▶ _PROBLEM_:
Every line of the records below from the line with "40 Kaceys Lane" up to and including the line with "Agricultural field after" must be reproduced exactly, and no line outside that range.

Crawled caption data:
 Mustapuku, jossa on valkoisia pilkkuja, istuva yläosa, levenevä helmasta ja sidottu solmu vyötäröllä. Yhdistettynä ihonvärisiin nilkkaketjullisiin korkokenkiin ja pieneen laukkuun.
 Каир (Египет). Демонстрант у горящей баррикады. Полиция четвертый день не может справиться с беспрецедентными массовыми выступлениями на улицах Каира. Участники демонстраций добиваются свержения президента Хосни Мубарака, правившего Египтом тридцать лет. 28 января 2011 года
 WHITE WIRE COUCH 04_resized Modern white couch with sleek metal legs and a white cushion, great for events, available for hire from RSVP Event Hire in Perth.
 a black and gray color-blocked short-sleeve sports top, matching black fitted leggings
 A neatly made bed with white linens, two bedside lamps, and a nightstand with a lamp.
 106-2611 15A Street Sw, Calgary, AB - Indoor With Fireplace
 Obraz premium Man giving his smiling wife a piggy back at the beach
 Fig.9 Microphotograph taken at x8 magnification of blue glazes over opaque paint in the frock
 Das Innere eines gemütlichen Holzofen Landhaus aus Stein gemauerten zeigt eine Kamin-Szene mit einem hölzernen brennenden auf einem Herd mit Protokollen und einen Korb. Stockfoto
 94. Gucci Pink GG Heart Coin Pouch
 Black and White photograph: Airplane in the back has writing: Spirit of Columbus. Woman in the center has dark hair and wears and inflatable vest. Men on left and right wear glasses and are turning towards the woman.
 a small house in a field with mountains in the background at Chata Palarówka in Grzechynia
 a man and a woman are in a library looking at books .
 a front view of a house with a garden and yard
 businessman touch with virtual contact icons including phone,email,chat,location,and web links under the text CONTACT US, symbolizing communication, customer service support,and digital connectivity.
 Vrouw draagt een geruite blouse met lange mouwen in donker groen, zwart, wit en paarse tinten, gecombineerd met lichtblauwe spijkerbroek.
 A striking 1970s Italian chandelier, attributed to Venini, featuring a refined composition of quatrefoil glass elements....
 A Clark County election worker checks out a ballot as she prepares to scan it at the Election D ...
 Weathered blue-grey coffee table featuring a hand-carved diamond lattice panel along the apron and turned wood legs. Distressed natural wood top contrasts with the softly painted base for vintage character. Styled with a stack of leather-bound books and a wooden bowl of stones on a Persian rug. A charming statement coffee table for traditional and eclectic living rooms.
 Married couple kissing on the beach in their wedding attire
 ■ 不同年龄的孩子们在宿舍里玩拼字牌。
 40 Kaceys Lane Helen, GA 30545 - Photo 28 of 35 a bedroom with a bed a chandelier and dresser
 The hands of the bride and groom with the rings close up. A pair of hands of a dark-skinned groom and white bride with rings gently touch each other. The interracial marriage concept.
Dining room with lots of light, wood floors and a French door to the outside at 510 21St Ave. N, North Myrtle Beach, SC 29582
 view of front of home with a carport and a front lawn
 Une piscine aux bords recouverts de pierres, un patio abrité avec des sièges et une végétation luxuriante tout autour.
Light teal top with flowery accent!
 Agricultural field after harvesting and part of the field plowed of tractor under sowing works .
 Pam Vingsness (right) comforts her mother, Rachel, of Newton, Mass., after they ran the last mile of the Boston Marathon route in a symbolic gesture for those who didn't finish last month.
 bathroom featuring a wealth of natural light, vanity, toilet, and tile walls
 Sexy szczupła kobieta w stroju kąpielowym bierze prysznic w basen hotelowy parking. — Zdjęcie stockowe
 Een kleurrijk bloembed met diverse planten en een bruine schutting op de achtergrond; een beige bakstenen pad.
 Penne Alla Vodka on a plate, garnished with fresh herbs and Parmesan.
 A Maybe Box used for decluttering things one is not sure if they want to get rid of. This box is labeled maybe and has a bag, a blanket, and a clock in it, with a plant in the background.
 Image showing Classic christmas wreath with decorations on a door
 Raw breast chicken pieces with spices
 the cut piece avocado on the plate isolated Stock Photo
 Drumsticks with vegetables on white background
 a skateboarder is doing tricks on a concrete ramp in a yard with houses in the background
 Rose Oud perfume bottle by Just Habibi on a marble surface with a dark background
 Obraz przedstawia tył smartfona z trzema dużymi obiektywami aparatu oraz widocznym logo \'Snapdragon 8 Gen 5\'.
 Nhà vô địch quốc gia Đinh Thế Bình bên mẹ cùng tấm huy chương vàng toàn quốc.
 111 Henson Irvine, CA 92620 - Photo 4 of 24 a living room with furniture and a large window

▶ _EXERCISE RESULT_:
 40 Kaceys Lane Helen, GA 30545 - Photo 28 of 35 a bedroom with a bed a chandelier and dresser
 The hands of the bride and groom with the rings close up. A pair of hands of a dark-skinned groom and white bride with rings gently touch each other. The interracial marriage concept.
Dining room with lots of light, wood floors and a French door to the outside at 510 21St Ave. N, North Myrtle Beach, SC 29582
 view of front of home with a carport and a front lawn
 Une piscine aux bords recouverts de pierres, un patio abrité avec des sièges et une végétation luxuriante tout autour.
Light teal top with flowery accent!
 Agricultural field after harvesting and part of the field plowed of tractor under sowing works .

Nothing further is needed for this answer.